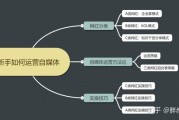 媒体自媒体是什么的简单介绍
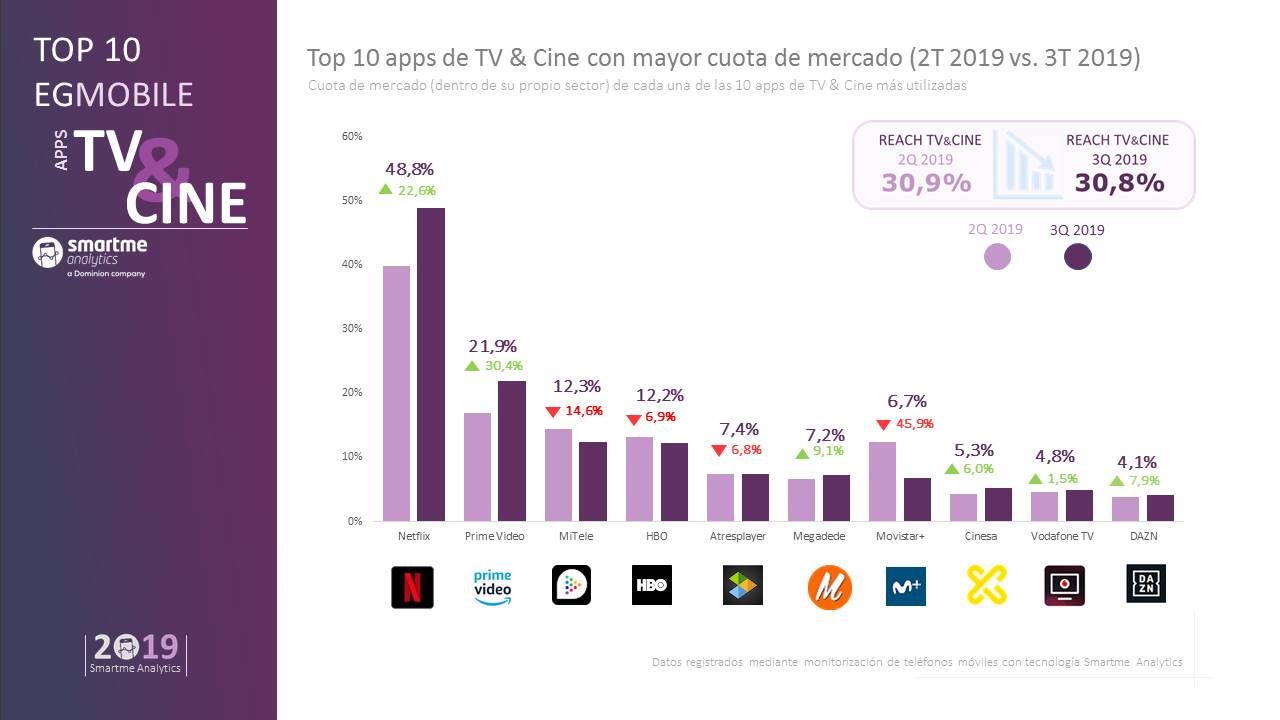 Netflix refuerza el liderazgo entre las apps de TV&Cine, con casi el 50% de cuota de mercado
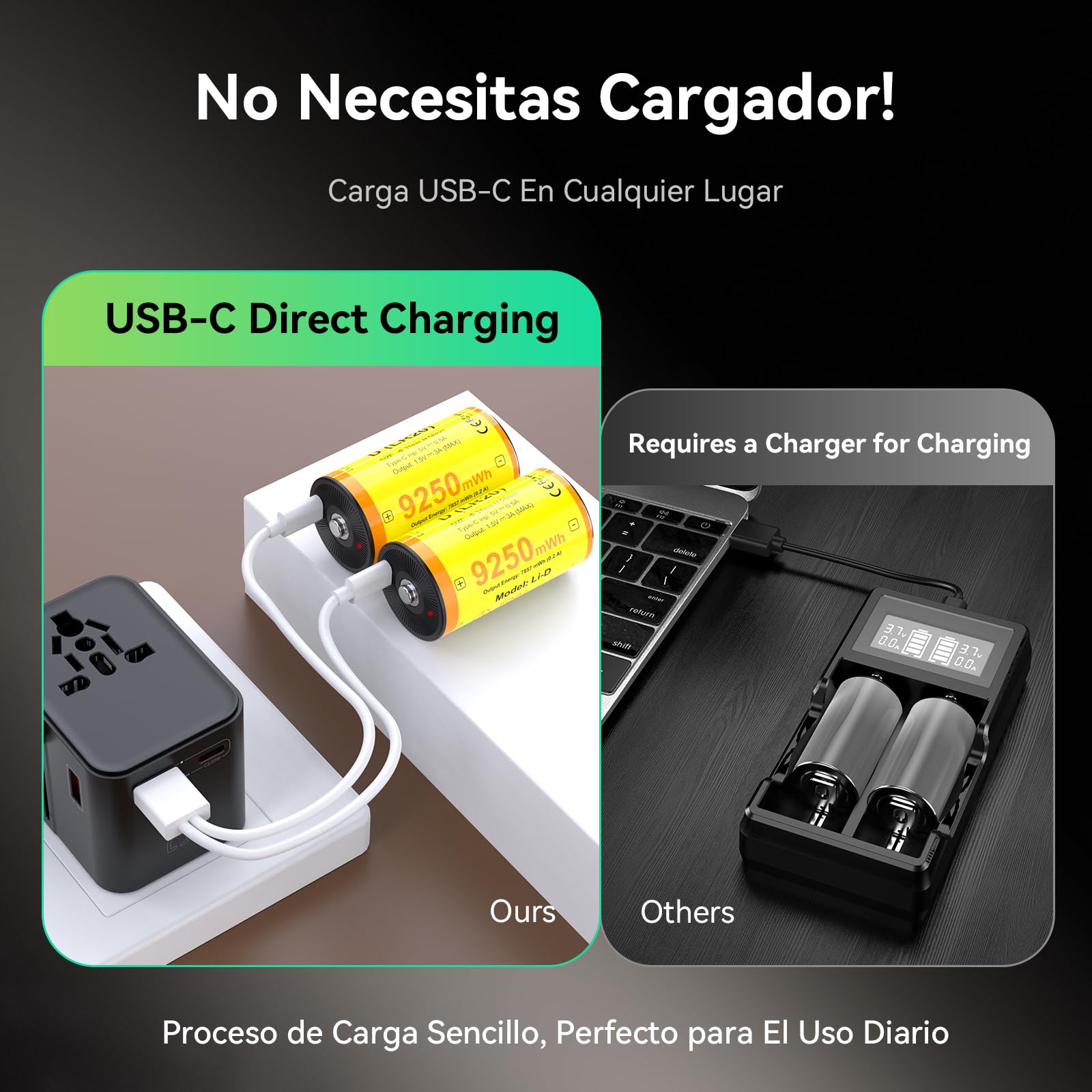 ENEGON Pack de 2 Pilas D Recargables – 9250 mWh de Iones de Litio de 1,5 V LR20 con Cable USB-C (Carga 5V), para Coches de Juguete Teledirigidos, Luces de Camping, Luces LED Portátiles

---

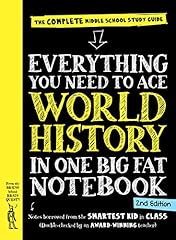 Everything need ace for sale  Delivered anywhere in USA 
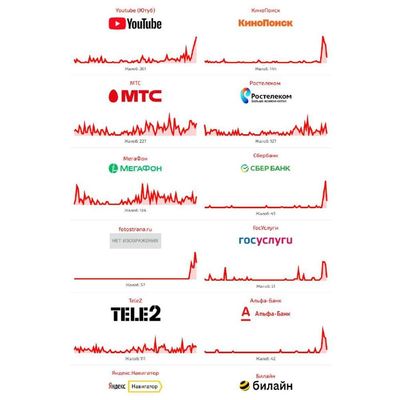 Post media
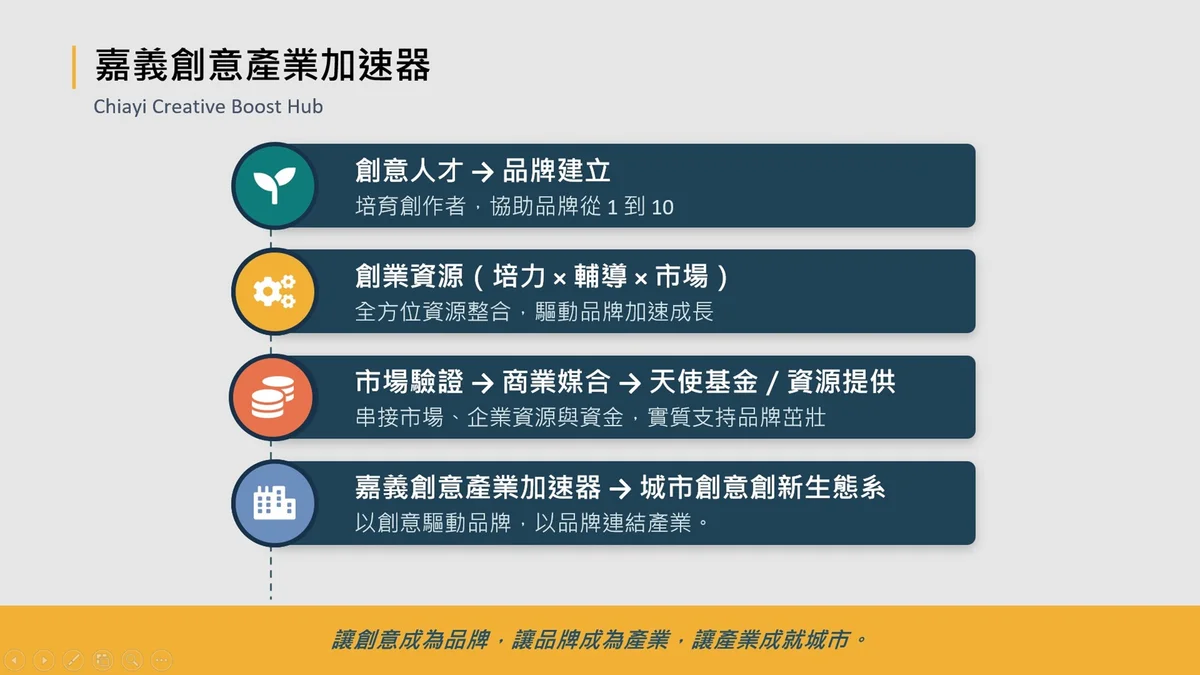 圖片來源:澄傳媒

§ **Problem**: In the records above, everything from the line with "媒体自媒体是什么的简单介绍" down to the line with "ENEGON Pack de" is to be set down exactly, both ends included, with no pictures and no other lines.

§ **Response for this exercise**:
 媒体自媒体是什么的简单介绍
 Netflix refuerza el liderazgo entre las apps de TV&Cine, con casi el 50% de cuota de mercado
 ENEGON Pack de 2 Pilas D Recargables – 9250 mWh de Iones de Litio de 1,5 V LR20 con Cable USB-C (Carga 5V), para Coches de Juguete Teledirigidos, Luces de Camping, Luces LED Portátiles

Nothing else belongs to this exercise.